WHAT YOU WILL DO: Only one portion of the data is to be written out: from the line bearing "8 oz Disposable" through the line bearing "Waterman Hydraulics Corp.". Write it exactly as it appears.

LISTED ENTRIES:
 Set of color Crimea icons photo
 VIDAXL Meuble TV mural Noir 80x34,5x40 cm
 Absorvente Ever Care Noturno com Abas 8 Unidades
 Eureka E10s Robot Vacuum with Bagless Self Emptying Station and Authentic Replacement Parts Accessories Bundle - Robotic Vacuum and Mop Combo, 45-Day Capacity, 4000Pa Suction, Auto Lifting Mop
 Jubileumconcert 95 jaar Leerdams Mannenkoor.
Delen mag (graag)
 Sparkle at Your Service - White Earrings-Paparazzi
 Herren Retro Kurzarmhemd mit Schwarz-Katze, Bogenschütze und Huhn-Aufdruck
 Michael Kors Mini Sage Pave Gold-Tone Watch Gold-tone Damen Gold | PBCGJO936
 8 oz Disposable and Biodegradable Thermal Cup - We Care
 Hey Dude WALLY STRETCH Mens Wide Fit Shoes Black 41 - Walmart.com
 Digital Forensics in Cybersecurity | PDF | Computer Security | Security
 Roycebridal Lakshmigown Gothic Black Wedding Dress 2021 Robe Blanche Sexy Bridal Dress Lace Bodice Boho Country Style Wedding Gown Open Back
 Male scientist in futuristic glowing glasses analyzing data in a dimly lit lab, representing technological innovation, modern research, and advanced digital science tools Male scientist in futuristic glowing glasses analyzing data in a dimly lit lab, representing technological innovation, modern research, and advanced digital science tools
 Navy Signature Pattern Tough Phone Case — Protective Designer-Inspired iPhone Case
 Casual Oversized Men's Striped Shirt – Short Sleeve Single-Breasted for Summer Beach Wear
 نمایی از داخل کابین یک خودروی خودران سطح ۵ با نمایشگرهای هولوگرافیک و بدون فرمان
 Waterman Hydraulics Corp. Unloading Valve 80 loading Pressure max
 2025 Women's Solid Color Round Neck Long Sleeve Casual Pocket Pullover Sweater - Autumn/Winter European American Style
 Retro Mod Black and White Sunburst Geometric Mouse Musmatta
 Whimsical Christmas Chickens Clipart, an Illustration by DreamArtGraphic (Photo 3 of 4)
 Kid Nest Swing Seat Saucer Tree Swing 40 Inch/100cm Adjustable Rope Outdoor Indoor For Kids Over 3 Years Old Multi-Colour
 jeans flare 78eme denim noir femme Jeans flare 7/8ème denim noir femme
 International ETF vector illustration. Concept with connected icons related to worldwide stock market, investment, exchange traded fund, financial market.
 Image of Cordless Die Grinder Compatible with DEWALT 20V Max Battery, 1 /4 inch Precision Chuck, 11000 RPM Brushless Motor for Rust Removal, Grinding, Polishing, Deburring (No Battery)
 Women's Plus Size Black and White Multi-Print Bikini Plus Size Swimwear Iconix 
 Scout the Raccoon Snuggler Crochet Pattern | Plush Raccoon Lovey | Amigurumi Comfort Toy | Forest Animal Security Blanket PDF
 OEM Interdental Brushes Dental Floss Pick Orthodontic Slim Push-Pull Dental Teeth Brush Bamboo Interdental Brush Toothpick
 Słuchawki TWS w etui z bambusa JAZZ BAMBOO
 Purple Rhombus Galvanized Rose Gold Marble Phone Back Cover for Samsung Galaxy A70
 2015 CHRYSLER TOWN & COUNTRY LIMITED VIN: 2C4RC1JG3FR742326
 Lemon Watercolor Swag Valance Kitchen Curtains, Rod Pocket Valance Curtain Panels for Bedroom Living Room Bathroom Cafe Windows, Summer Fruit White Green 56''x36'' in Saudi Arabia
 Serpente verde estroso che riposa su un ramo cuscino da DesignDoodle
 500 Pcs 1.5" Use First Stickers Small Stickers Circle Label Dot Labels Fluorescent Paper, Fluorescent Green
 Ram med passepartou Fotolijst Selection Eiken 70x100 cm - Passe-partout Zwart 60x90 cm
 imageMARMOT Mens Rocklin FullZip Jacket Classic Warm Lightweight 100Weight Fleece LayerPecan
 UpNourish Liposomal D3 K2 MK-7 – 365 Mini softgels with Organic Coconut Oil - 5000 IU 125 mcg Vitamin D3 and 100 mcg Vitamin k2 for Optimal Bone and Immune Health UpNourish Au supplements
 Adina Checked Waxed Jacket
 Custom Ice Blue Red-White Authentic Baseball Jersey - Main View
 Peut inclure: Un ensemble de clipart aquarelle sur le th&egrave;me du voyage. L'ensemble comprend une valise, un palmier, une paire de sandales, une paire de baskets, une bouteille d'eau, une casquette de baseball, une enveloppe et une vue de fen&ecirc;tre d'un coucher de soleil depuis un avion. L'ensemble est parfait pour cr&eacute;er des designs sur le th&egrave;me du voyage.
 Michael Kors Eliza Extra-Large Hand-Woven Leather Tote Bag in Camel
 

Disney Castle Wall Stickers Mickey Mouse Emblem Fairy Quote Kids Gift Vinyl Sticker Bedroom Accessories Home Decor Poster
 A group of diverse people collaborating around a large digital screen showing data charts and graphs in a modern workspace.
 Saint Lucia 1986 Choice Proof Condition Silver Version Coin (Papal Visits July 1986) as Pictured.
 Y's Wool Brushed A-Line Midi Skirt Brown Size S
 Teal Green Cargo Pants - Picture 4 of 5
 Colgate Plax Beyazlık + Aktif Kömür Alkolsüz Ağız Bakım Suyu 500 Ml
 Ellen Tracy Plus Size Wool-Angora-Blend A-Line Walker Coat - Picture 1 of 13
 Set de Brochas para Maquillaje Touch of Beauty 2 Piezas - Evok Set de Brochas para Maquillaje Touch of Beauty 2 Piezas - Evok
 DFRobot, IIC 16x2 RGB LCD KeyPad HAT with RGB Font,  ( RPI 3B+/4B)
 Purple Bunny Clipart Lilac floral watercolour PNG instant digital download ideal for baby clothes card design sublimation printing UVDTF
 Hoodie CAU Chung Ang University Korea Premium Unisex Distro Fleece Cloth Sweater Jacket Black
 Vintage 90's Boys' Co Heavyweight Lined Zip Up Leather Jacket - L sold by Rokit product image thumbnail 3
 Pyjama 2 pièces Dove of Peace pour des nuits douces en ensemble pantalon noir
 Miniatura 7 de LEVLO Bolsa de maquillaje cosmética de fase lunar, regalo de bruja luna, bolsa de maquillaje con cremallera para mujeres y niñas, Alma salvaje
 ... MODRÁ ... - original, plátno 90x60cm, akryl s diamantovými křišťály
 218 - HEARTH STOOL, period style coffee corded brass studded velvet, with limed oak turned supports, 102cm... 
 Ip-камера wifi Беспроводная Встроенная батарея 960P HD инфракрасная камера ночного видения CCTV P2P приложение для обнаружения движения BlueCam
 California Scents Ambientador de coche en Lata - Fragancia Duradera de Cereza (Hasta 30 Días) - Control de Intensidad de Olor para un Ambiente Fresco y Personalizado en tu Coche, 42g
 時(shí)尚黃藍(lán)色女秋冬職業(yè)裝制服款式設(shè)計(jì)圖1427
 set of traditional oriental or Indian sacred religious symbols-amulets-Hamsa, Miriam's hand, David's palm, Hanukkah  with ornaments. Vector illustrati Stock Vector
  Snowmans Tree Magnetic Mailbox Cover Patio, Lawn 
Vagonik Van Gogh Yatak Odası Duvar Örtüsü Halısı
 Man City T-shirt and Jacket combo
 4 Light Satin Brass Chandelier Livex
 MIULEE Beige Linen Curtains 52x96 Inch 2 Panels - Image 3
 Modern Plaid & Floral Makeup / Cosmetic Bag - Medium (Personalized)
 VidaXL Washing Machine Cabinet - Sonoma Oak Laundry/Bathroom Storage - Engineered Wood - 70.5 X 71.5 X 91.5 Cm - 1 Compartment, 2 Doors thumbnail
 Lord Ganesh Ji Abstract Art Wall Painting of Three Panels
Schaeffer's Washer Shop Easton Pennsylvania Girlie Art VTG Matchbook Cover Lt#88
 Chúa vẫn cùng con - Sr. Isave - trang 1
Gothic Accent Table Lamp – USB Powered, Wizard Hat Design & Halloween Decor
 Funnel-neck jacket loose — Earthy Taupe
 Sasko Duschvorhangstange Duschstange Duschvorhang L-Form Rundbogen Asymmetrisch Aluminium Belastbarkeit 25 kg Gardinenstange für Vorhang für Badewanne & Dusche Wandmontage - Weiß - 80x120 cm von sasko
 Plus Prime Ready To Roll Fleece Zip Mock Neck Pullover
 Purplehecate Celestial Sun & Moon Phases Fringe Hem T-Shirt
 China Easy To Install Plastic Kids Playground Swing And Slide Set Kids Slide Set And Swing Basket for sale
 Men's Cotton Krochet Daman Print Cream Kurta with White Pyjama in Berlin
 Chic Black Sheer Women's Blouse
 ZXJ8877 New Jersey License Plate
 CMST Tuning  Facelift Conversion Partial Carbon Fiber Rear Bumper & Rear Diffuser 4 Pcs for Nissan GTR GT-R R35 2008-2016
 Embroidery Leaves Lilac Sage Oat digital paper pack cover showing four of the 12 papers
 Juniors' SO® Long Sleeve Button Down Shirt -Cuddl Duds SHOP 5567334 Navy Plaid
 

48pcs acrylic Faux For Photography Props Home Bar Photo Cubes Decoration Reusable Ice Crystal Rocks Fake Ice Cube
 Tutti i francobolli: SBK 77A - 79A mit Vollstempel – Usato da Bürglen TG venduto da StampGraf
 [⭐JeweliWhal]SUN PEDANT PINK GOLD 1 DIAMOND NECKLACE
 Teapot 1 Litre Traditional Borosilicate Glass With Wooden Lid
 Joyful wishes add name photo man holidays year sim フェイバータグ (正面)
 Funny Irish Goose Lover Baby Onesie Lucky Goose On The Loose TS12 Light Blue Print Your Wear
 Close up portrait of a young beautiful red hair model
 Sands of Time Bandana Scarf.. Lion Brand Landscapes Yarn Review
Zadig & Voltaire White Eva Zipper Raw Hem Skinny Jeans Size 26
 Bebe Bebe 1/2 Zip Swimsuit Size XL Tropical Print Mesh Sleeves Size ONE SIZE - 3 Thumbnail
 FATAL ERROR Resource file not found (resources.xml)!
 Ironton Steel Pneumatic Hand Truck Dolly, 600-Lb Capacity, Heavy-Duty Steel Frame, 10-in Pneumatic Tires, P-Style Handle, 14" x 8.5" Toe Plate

WRITTEN ANSWER:
 8 oz Disposable and Biodegradable Thermal Cup - We Care
 Hey Dude WALLY STRETCH Mens Wide Fit Shoes Black 41 - Walmart.com
 Digital Forensics in Cybersecurity | PDF | Computer Security | Security
 Roycebridal Lakshmigown Gothic Black Wedding Dress 2021 Robe Blanche Sexy Bridal Dress Lace Bodice Boho Country Style Wedding Gown Open Back
 Male scientist in futuristic glowing glasses analyzing data in a dimly lit lab, representing technological innovation, modern research, and advanced digital science tools Male scientist in futuristic glowing glasses analyzing data in a dimly lit lab, representing technological innovation, modern research, and advanced digital science tools
 Navy Signature Pattern Tough Phone Case — Protective Designer-Inspired iPhone Case
 Casual Oversized Men's Striped Shirt – Short Sleeve Single-Breasted for Summer Beach Wear
 نمایی از داخل کابین یک خودروی خودران سطح ۵ با نمایشگرهای هولوگرافیک و بدون فرمان
 Waterman Hydraulics Corp. Unloading Valve 80 loading Pressure max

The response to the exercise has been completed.